Specifically, I want to find a matrix $A$ with the lowest dimension which its elements are in simplest decompositioned form and has a predefined determinant as follows:
$\det(A)=abcd-{\frac {a}{ \left( a+1 \right) \left( d+1 \right) \left( cd+1 \right) }}-{\frac {b}{ \left( a+1 \right) \left( b+1 \right) \left( ad+1 \right) }}-{\frac {c}{ \left( c+1 \right) \left( b+1 \right) \left( ab+1 \right) }}-{\frac {d}{ \left( c+1 \right) \left( d+1 \right) \left( bc+1 \right) }}$
where $abcd=1$.
Surely, the elements of matrix $A$ should be $0,1,-1,a,b,c,d,\frac {1}{ \left( a+1 \right)},\frac{1}{\left( b+1 \right)},\frac {1}{ \left( c+1 \right)},\frac{1}{\left( d+1 \right)},\frac{1}{\left( cd+1\right) },\frac{1}{\left( ad+1 \right) } ,\frac{1}{\left( ab+1 \right) } ,\frac{1}{ \left( bc+1 \right) } $.
I asked this question to checkout if it is possible to use hadamard's inequality theorem to show that $\det(A)\leq \frac{1}{2}$.
In general does there an algorithmic way to make such matrix from its given determinant?

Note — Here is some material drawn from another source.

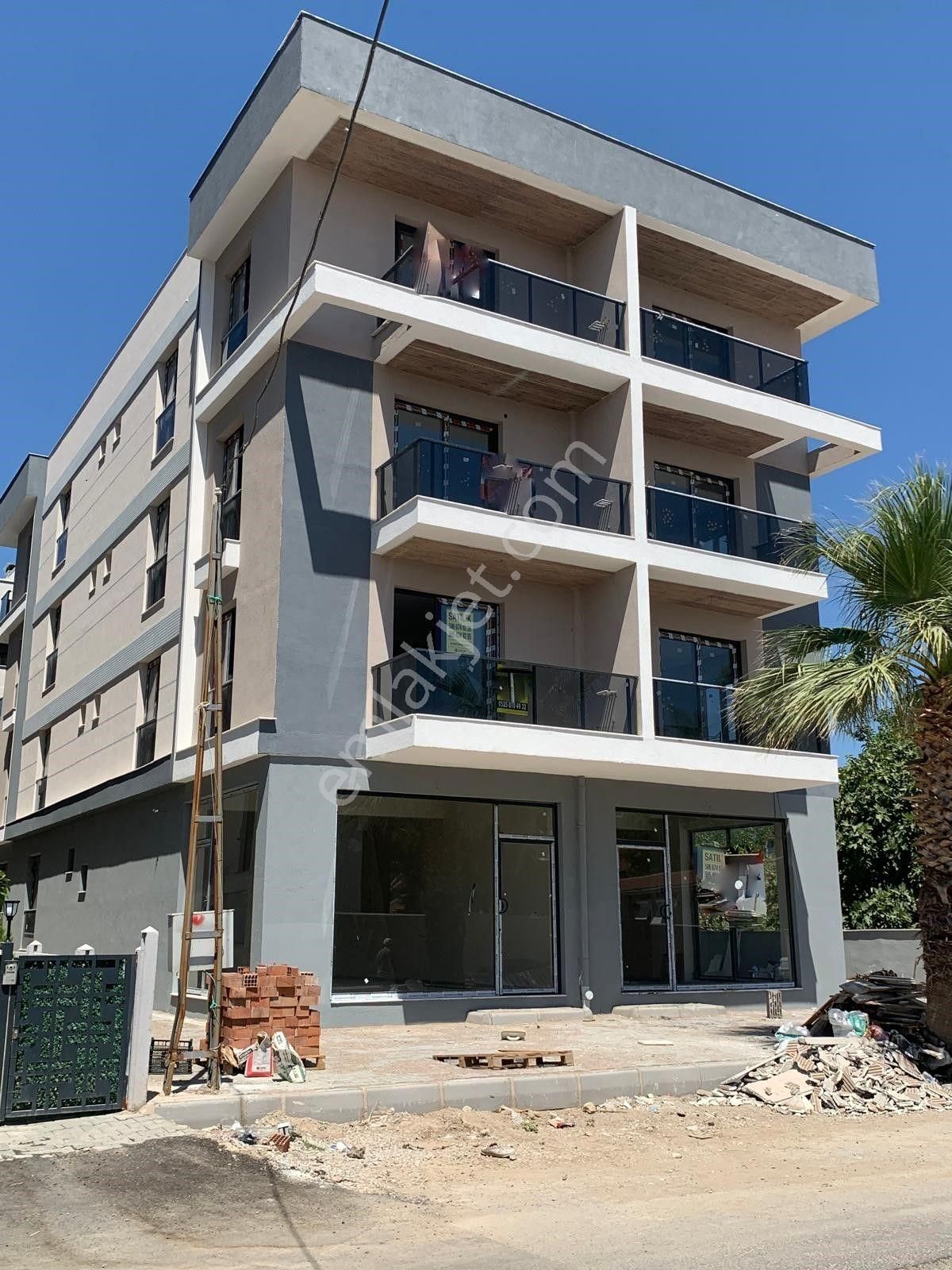 Menemen Seyrek Merkezde 1+1 Kiralık Daire - Görsel 2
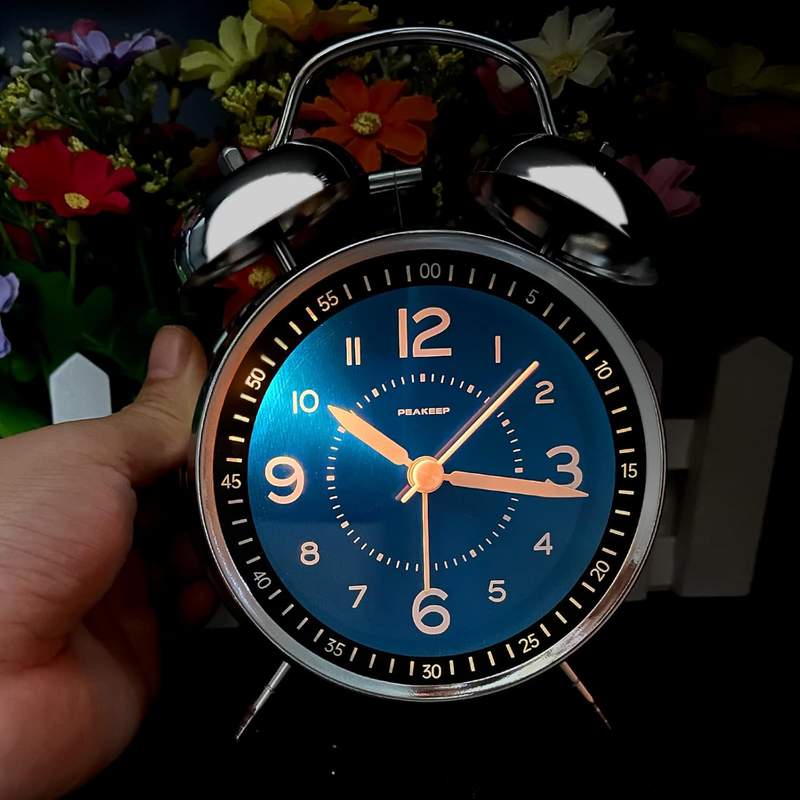 Peakeep Loud Alarm Clock for Heavy Sleepers Adults, Metal 4 Inches Twin Bell Bat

Update: This inequality which is equivalent to this spatial geometric problem has been asked and solved here by carlson inequality which is a special case of holder inequality, but I'm still curious about using hadamard's inequality by resolving an algorithmic method for building a matrix from its parametric determinant, so would someone know about a computer program which carryout this?